I will recommend we go do something like kayaking. My friends will make excuses about why they can’t go. Then my other friend will say THE EXACT SAME THING and everyones like “yeah that would be fun” and they go do it. What is going here I feel like my friends don’t value my propositions.

11 comments
  1. I’ve seen this happen among one of my friend groups. My observation is charisma matters and how the idea is presented.

    What I do is if I hear a good idea, I’ll say “I think so-and-so’s idea is good,” thereby giving credit to the originator. But that’s not the issue.

    So how do you get them to listen? As stated, develop your charisma. How to deal with it in the meantime? Take some satisfaction knowing that your suggestions are being considered through other people. That’s weird isn’t it? It’s like you’re a royal advisor whispering strategies into the king’s ear.

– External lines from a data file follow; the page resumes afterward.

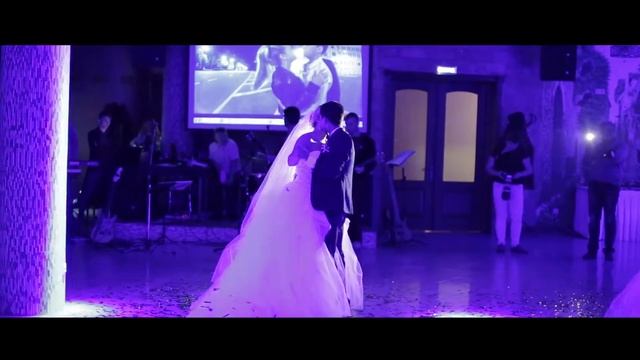 Красивейший первый свадебный танец. смотреть онлайн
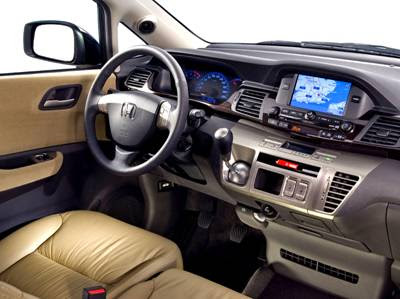 Honda FR V Interior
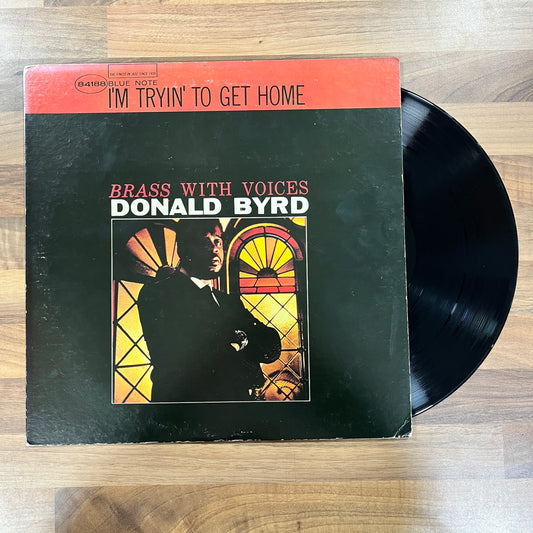 Donald Byrd – I'm Tryin' To Get Home (Brass With Voices)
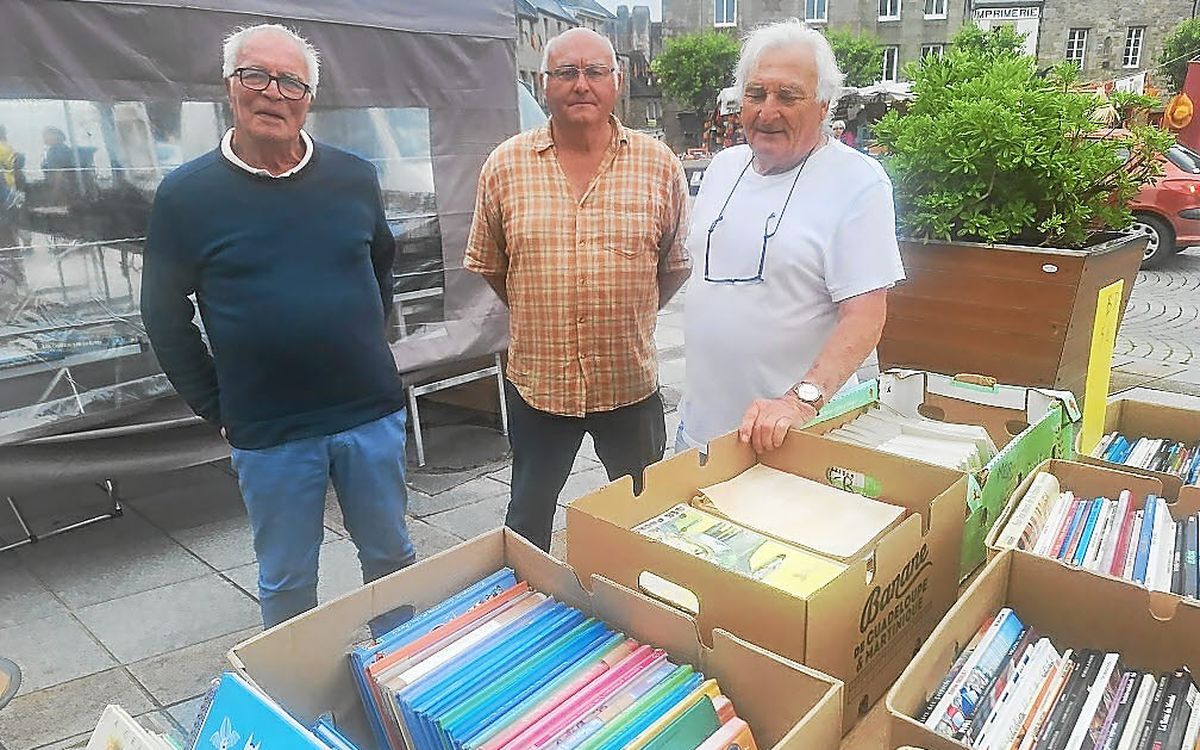 À Saint-Pol-de-Léon, le premier marché du livre ancien vendredi 4 juillet 2025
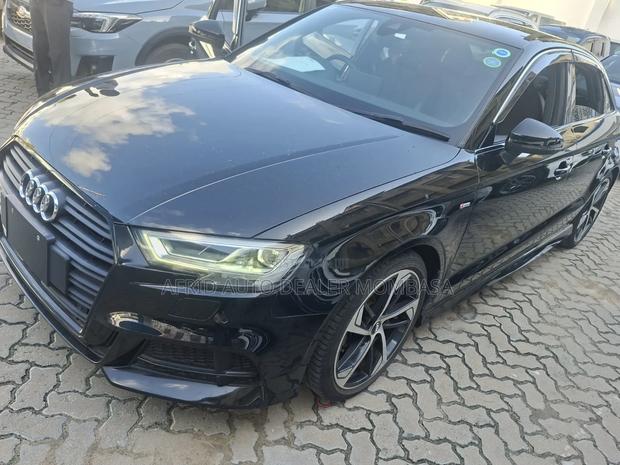 Audi A3 2.0T Premium FWD Sedan 2019 Black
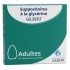 Suppositoire glycérine Adulte Gilbert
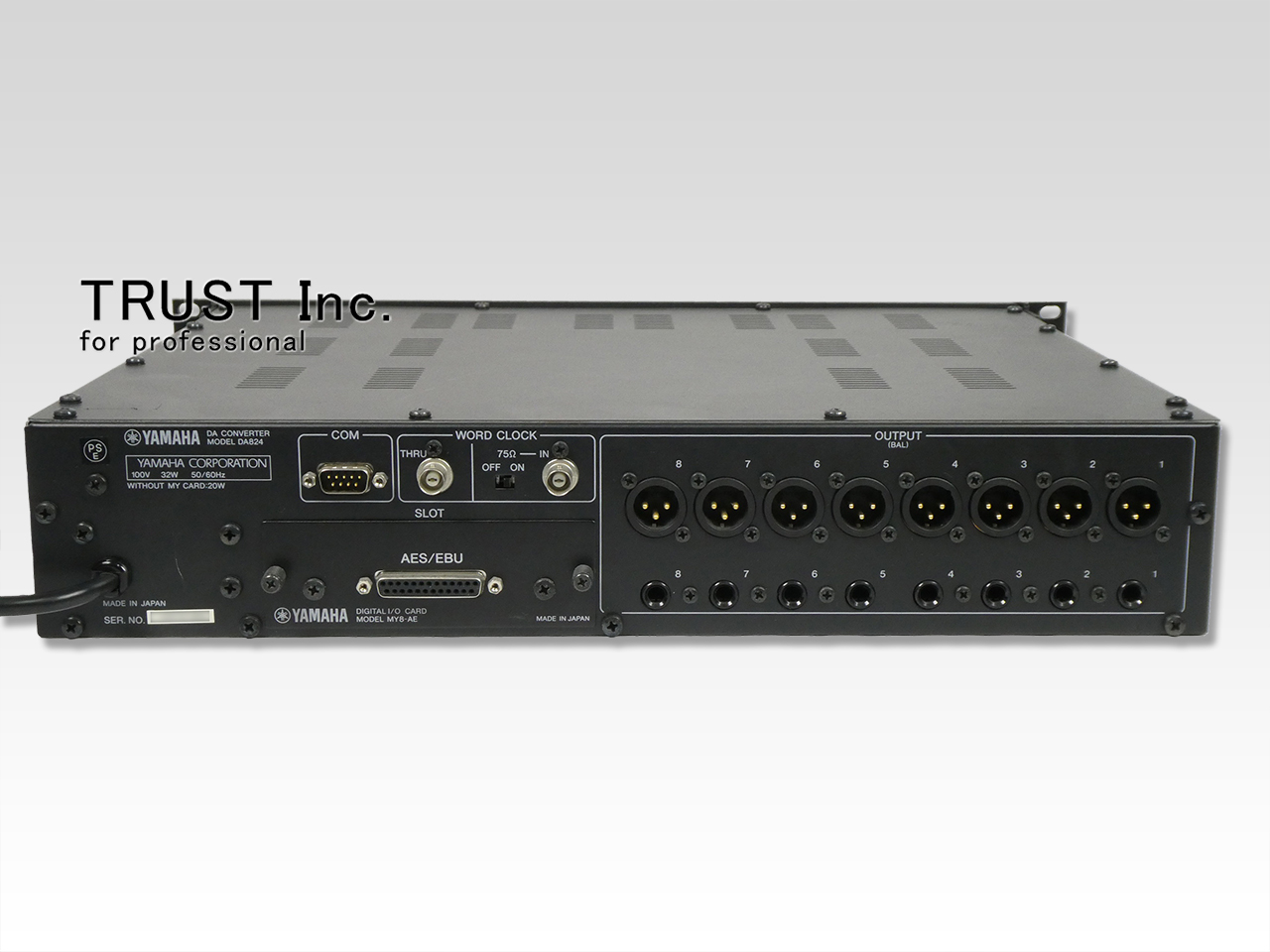 DA824 / D/A Converter【中古放送用・業務用 映像機器・音響機器の店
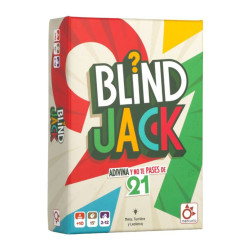 Blind Jack juego cartas de Mercurio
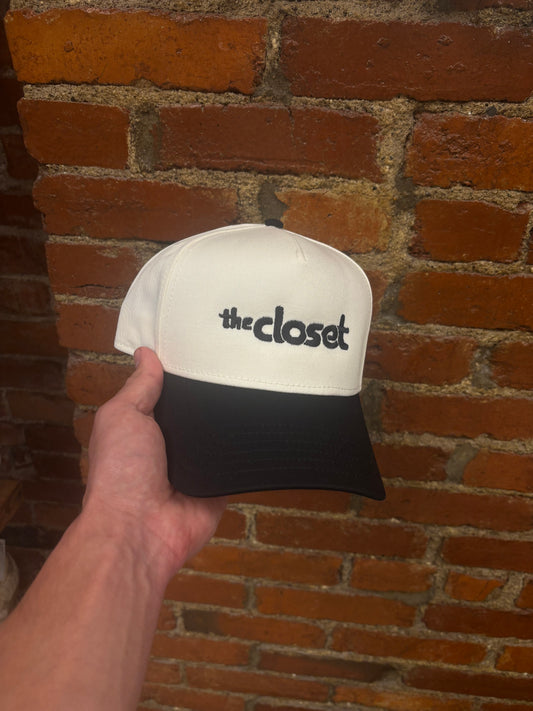 The Closet - Cream / Back Hat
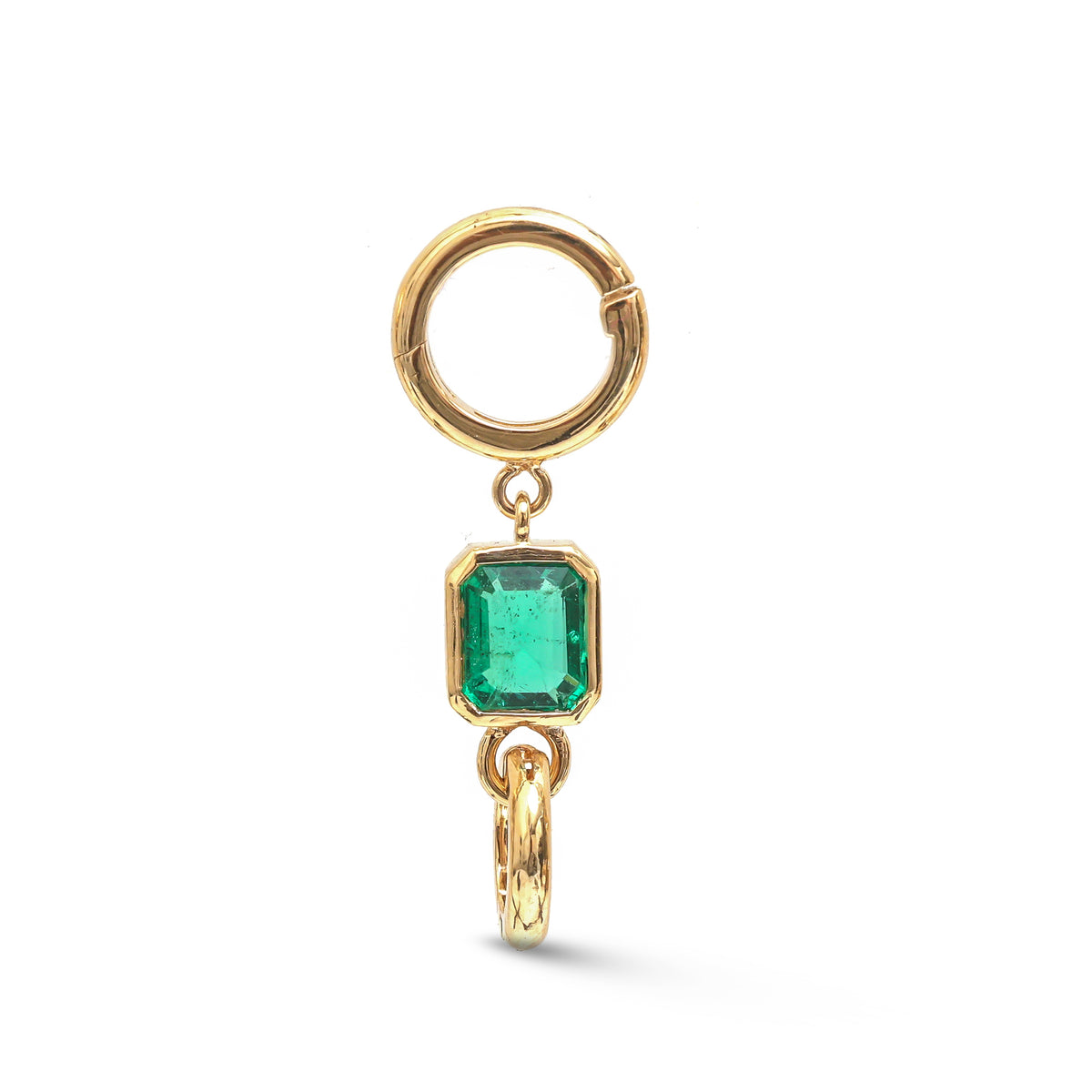 JPPD-1545/13972 Emerald Pendant | 14K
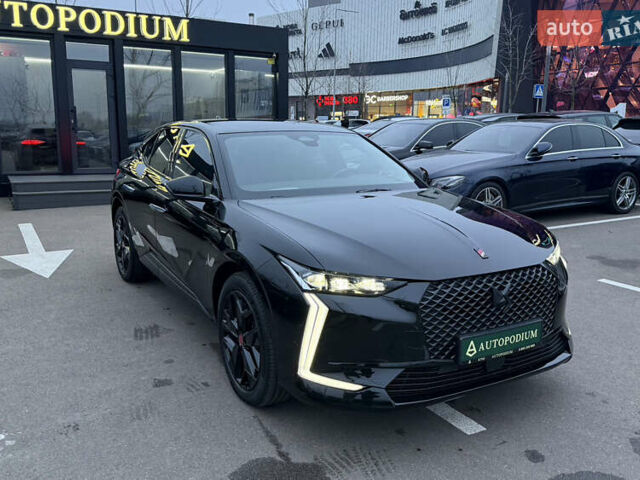 Чорний DS 4, об'ємом двигуна 1.6 л та пробігом 17 тис. км за 27999 $, фото 1 на Automoto.ua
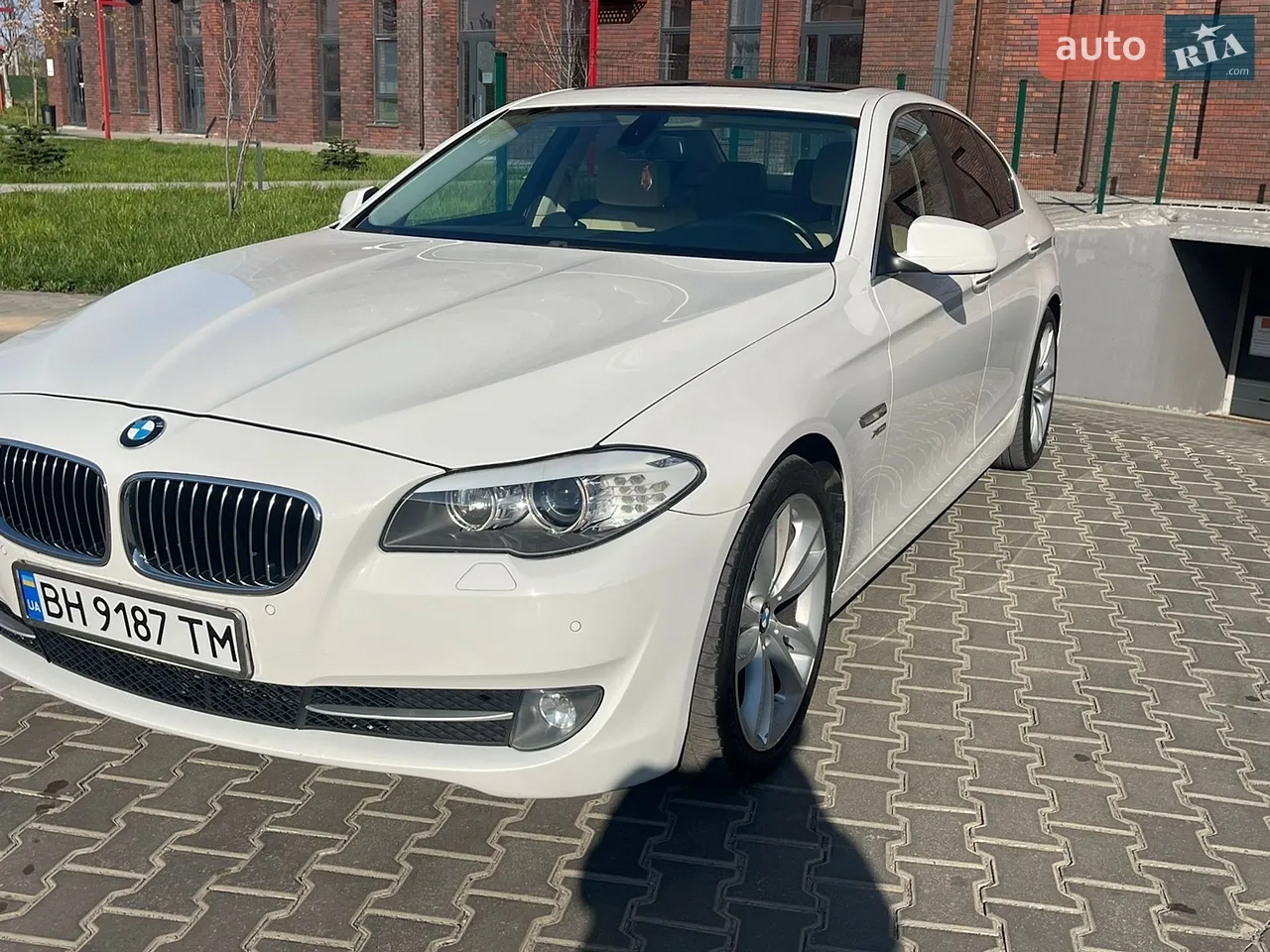 2012 BMW 5er - мініатюра 24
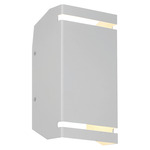 La Vida Tall Outdoor Wall Sconce - Satin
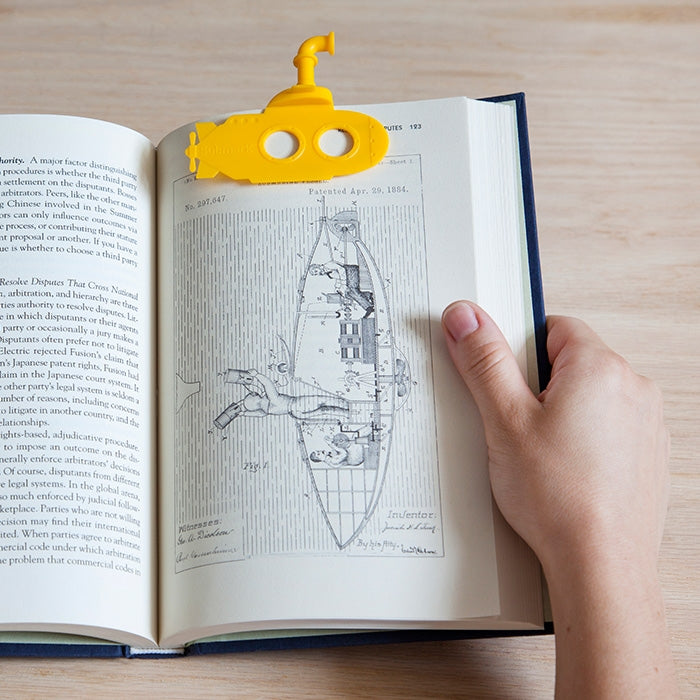 Submark - Submarine Bookmark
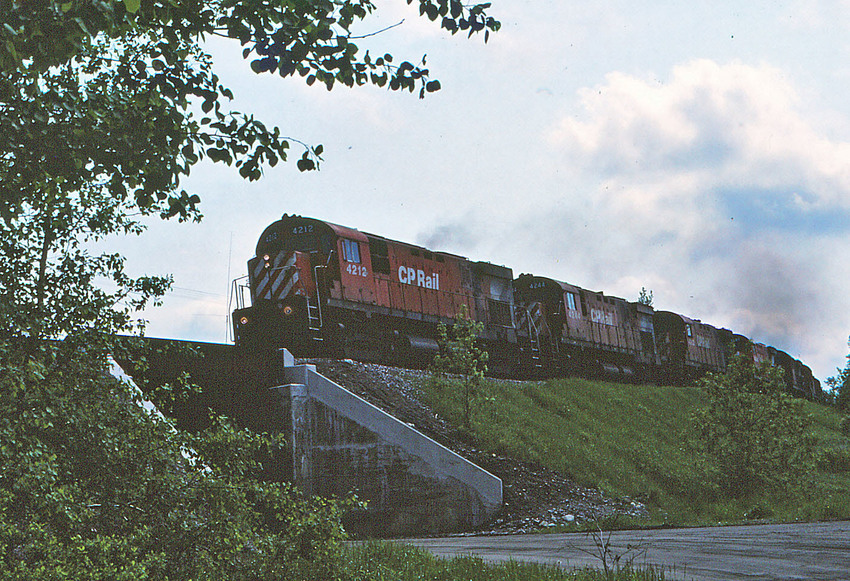 Photo of Canadian Pacific @ North Troy, Vt.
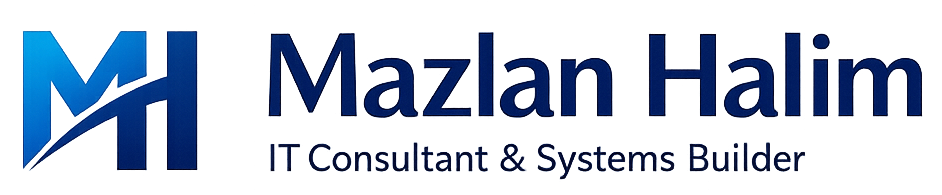 mazlan halim logo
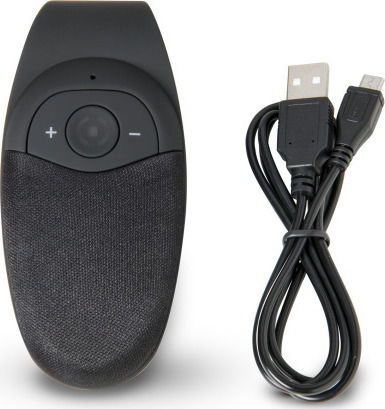 Celly Bluetooth Auto Speakerphone Black (Mehrpunkt / USB-Ladeanschluss)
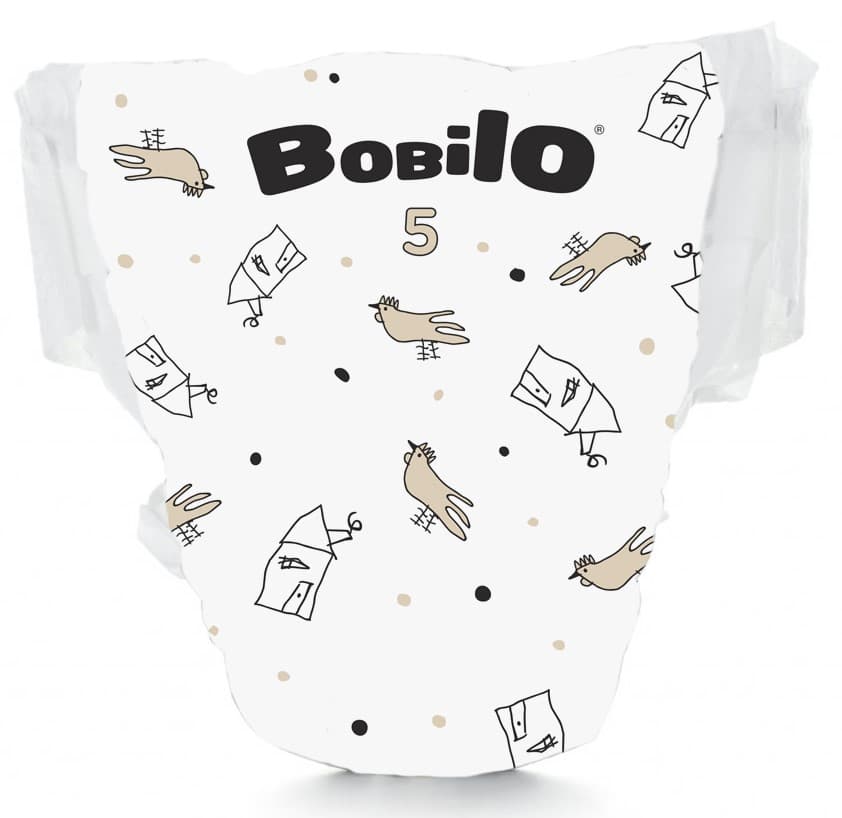 Vzorka detskej plienky Bobilo veľ. 5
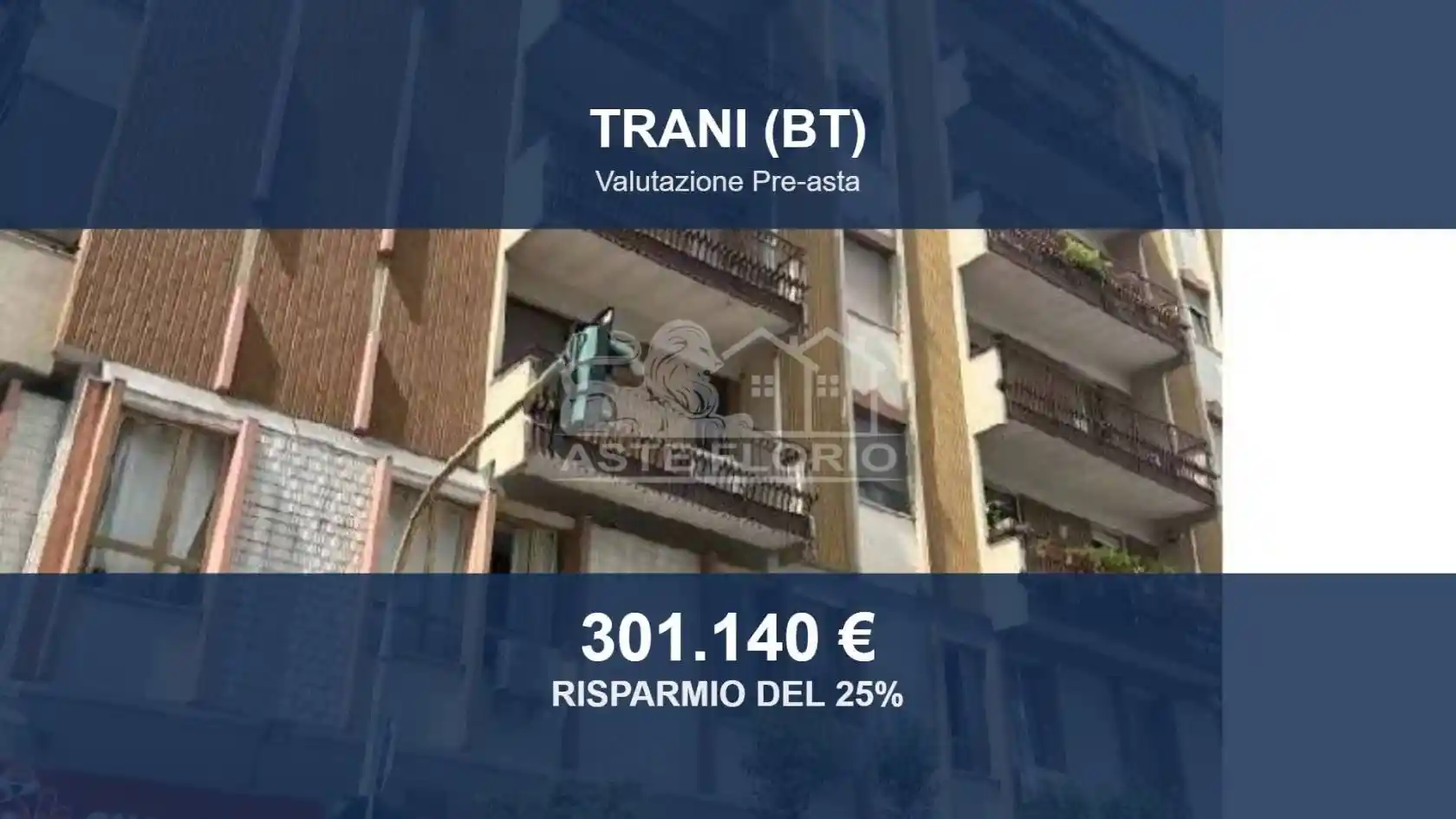 Appartamento in vendita a Trani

    If you’re cheeky like I am, you can playfully say something like, “Excuse me. To be clear, kayaking (or whatever) is my idea.” Just don’t say it with any resentment. Say it with sass. That’s what people naturally respect.

    And for what it’s worth, kayaking is great. I did it often in college. I wouldn’t know what a stingray sting feels like without kayaking. It hurts lol.

  2. This happens to me and I think it’s because I talk too much and talk like I know things or share my stories related too much

  3. From your friends’ perspective, the same proposal from a **second** person means a minimum of a 3 person group rather than a theoretical minimum of 2 if they were the only person to accept your first proposal.

    You can use this to your advantage- echo another person’s proposal and you’ll give that proposal a lot more momentum.

    Just don’t take it personally when people are less willing to commit to a proposal from a single person

  4. It’s not about charisma, they clearly don’t like you, happened to me all the time, be careful of the haters!

  5. Might want to consider looking for new friends. Take what i say with a grain of salt though because I don’t know the whole picture

  6. strategy: ask a few people (3-4) individually via dms. preferably those whom you are closer to as they will likely say yes.

    say in your message that you’ve already asked the other people if they want to go. MENTION THEIR NAMES.

    if all those people are like “sure”, extend your invitation to the whole group chat. again, don’t forget to mention the people who were coming

    hope this helps

  7. I obviously don’t know if you are bossy, but I will say that bossy people get this response from people. Because they really aren’t recommending you do something they are telling you to do something and then often getting mad when you don’t want to be told what to do and therefore don’t do as they have told.

    So my theory is maybe you are coming off this way but your friend is coming off like they are making a genuine lighthearted, no-strings-attached recommendation.

  8. After reading your post and comments, your friends just aren’t that into you.

  9. This used to happen to me a lot, except at work! When problem solving I would offer a solution, which would either be ignored or I get a “hmm”. Then my other coworker suggests the same thing a few minutes later and she’s praised with “great idea!”. Oof. Luckily my coworker is a gem and will say “oh it was prairiepariahs idea” and sometimes it’s still ignored or given a “hmm”. I’m guessing I have a passive way of speaking, and often I’m more quiet and just go with the flow so people don’t always expect leadership from me if I do have an idea.